En ce qui concerne les tournées, initialement les marchands partaient de leur lieu d’origine à l’automne et ne revenaient qu’au printemps. Les tournées s’effectuaient soit en suivant un parcours dans une région donnée en allant d’hôtel en hôtel, soit en ayant un point fixe et en rayonnant autour en étoile.
A l’époque héroïque, l’hébergement du cheval revenait pratiquement aussi cher que celui du marchand.
Par la suite, pour les générations plus proches de nous, les marchands se sont le plus souvent fixés dans un endroit au centre de leur tournée en investissant dans une résidence, devenue leur résidence principale.
Les marchands sont très attachés à leur lieu d’origine (leurs racines) et pour eux les beaux jours ne se conçoivent pas sans un retour au pays. Ce retour dans le lieu d’origine pour l’été était l’occasion, dans les premiers temps, d’effectuer les travaux des champs, par la suite c’était le moment de prendre du bon temps mais aussi de bien préparer la nouvelle saison marchande en recevant les représentants, voire les patrons, des usines de leurs fournisseurs, dans les hôtels de leur village. Tous les hôtels de la « terre sainte » se souviennent encore de cette période bénie. Avec le temps les achats se sont de plus en plus effectués lors de la Foire de BORT les ORGUES et les représentants ont un peu déserté les villages.

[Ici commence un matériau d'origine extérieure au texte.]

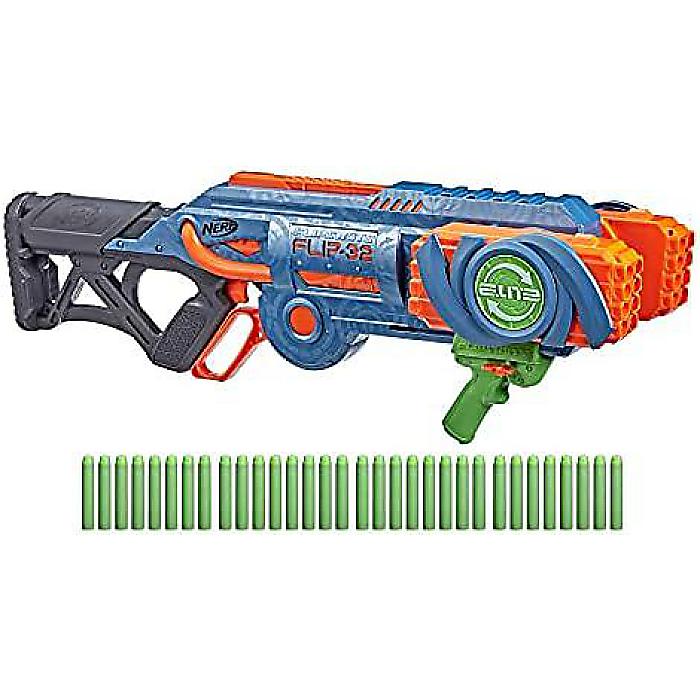 NERF Elite 2.0 Flip-8 Blaster, ダートバレル回転式, 8ダート容量, 8エリートダート, おもちゃのフォームブラスター, 子供向け屋外ゲーム & おもちゃ.ハロウィーンセール/ハロウィングッズ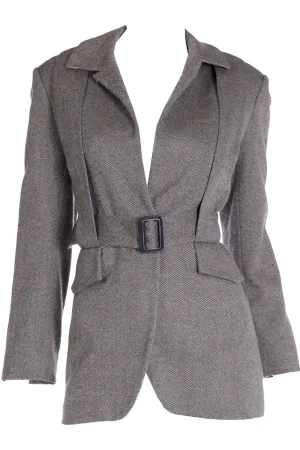 F/W 1994 Isaac Mizrahi Runway Jacket w Unique Pleating & Belt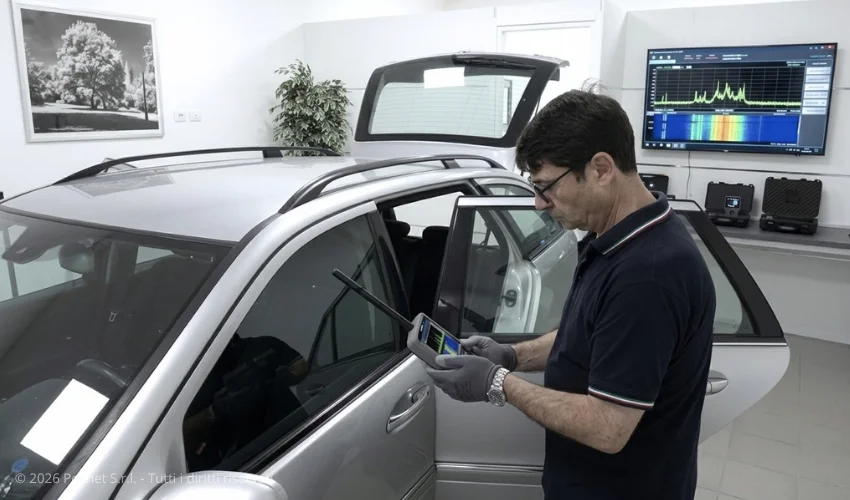 Francesco Polimeni esegue la scansione a radiofrequenze su un'auto nella sede Polinet di Roma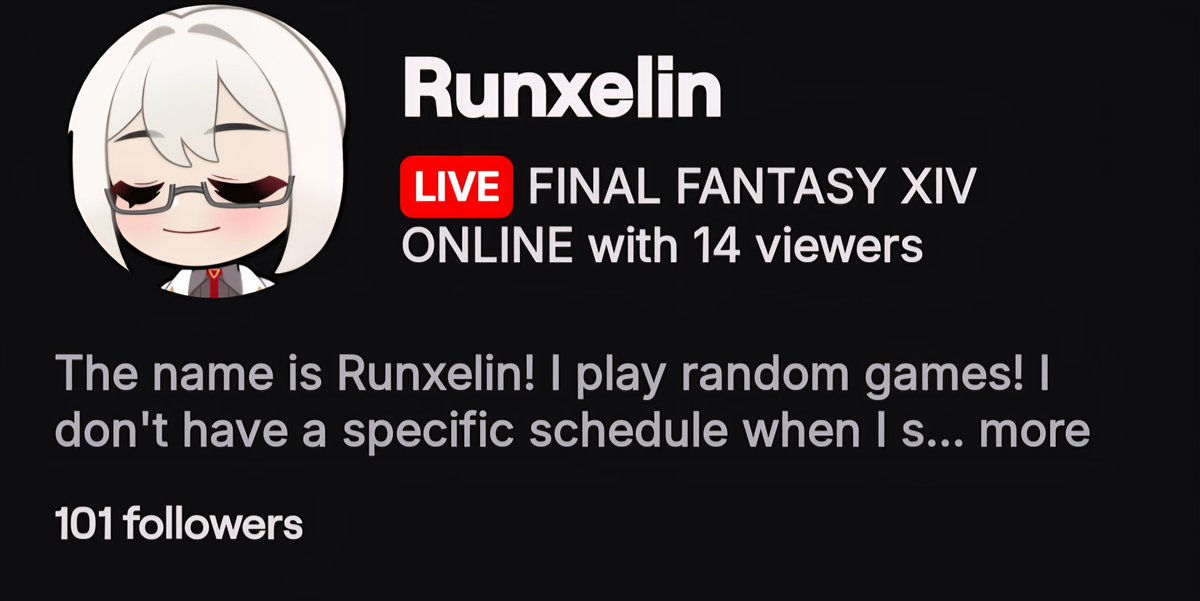 I'm really happy to have made it to 100 followers on twitch! Talking with the people thay visit the stream has been a soothing balm. I can't stress enough how happy you guys make me. Thank you for letting me have a moment of your time.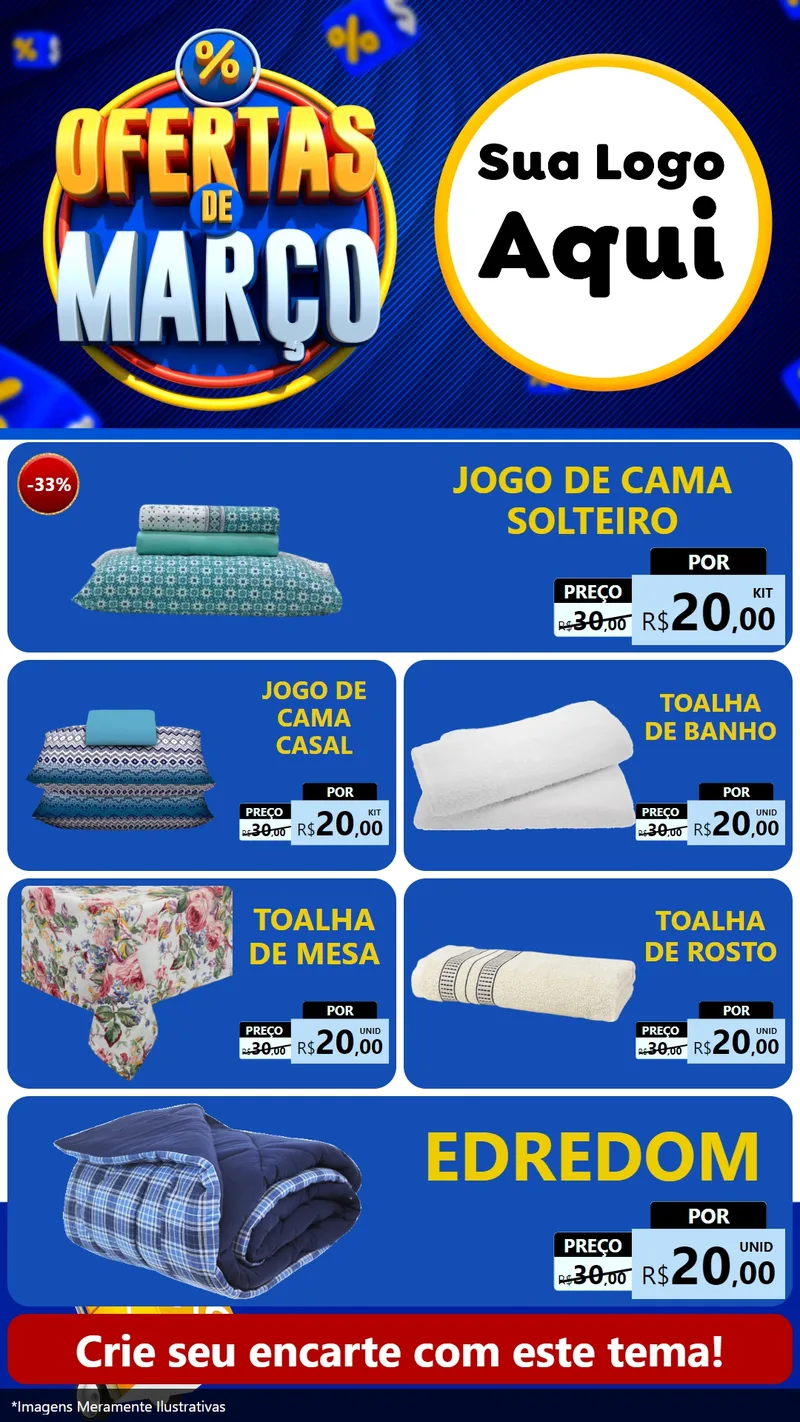 Modelo de TV para TV Vertical com o tema Ofertas de Março para Cama, Mesa e Banho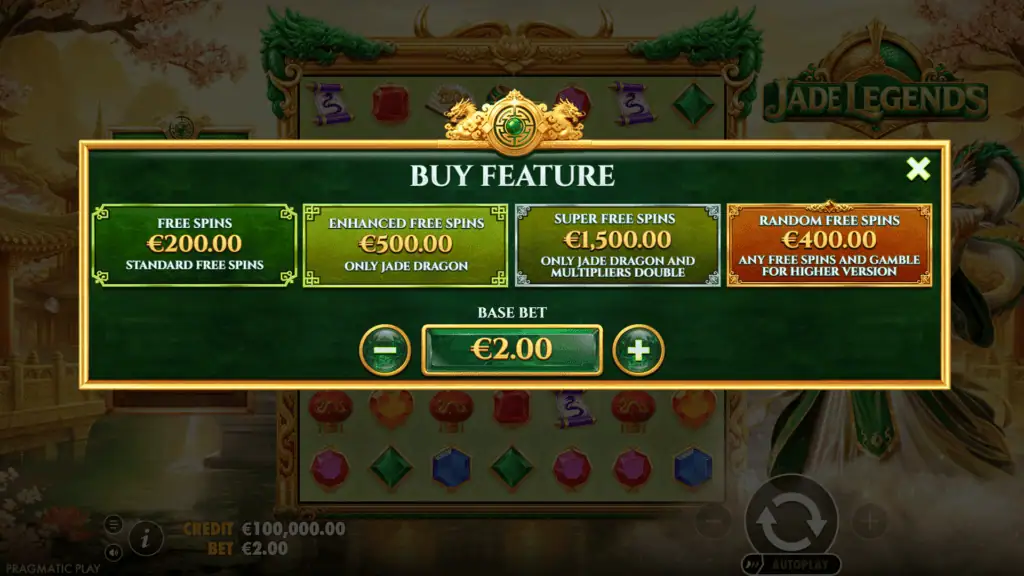 Pragmatic play jade legends bonus buy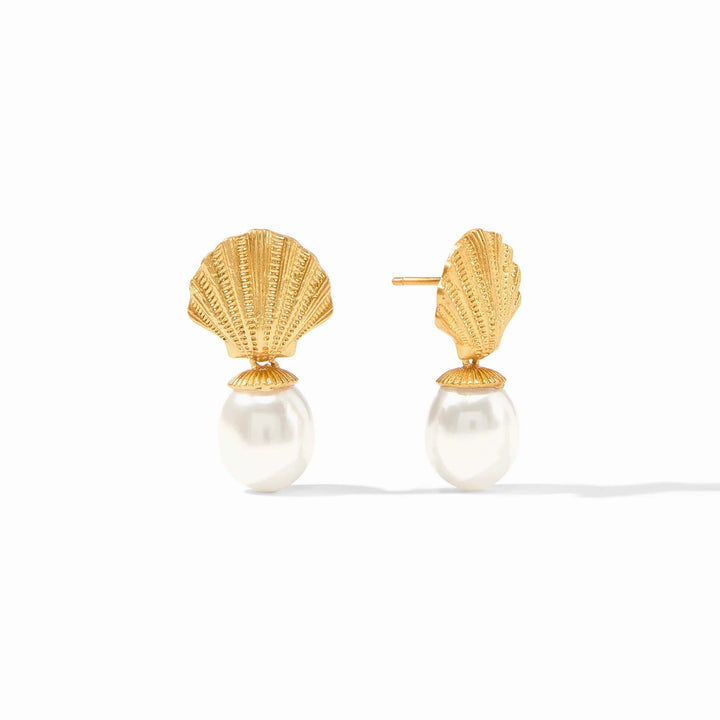 Sanibel Shell Pearl Drop Earring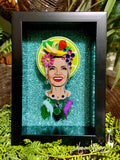 Collector’s Carmen Miranda Brooch and Earrings - Lime Halo Shadowbox on Turquoise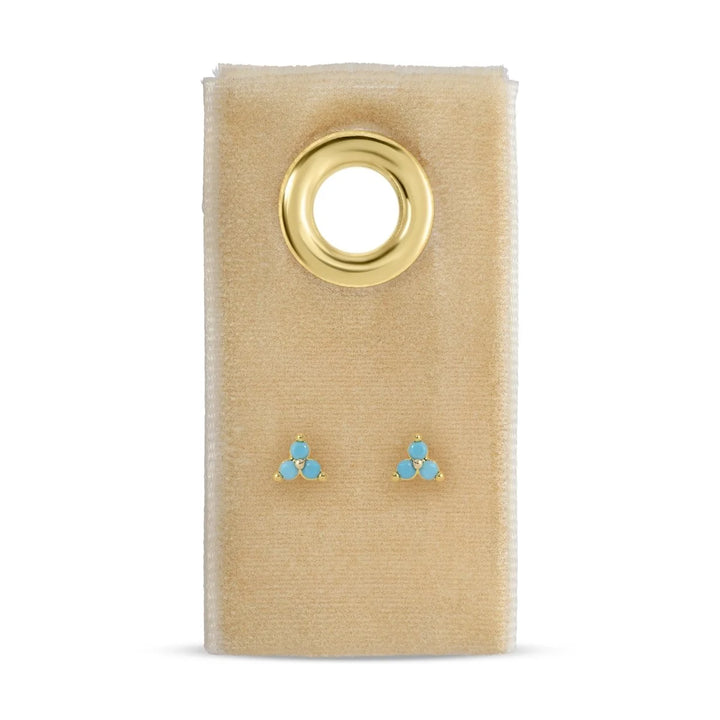 Light Blue Triple Cluster Studs on Velvet Tag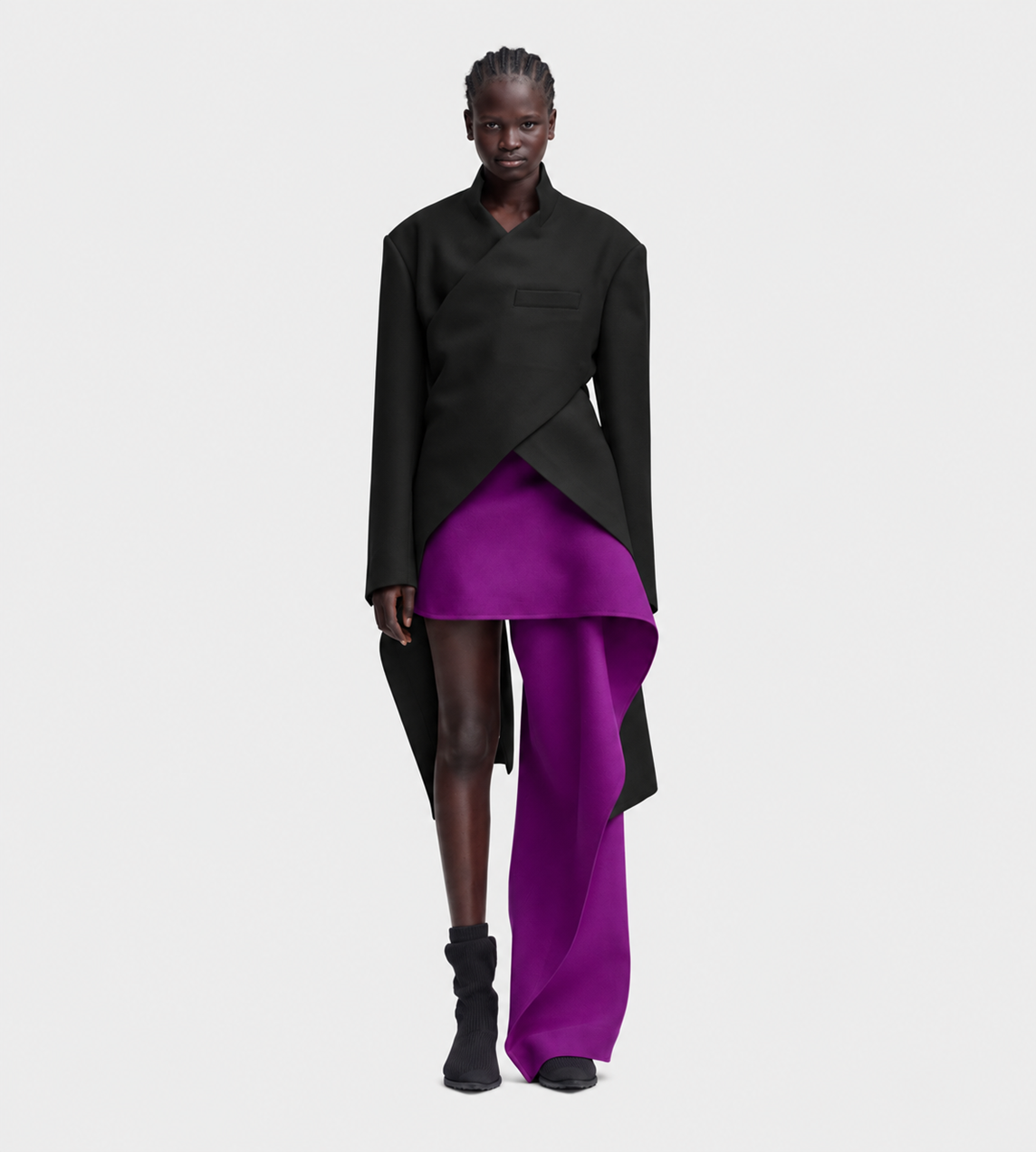 ISSEY MIYAKE - CALLIGRAPH Asymmetric Wool Jacket Blk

La réussite de cette profession est largement attestée par les belles maisons qu’ils ont fait construire dans leurs villages d’origine, situées sur les routes principales et bien mises en évidence aux entrées des dits villages. Pour certaines maisons le style des constructions correspond au style des constructions de leurs lieux de tournées.
La période faste pour la profession est sans conteste l’entre-deux guerres. En 1936 le comité d’organisation de la 1ére foire de BORT revendique 3500 membres.
Le marchand déjà établi met le pied à l’étrier à beaucoup de jeunes de sa connaissance (lien avec le lieu d’origine), il les emploie comme commis puis les aide à s’installer en leur consentant des facilités de paiements et/ou en leur cédant une partie de leur clientèle.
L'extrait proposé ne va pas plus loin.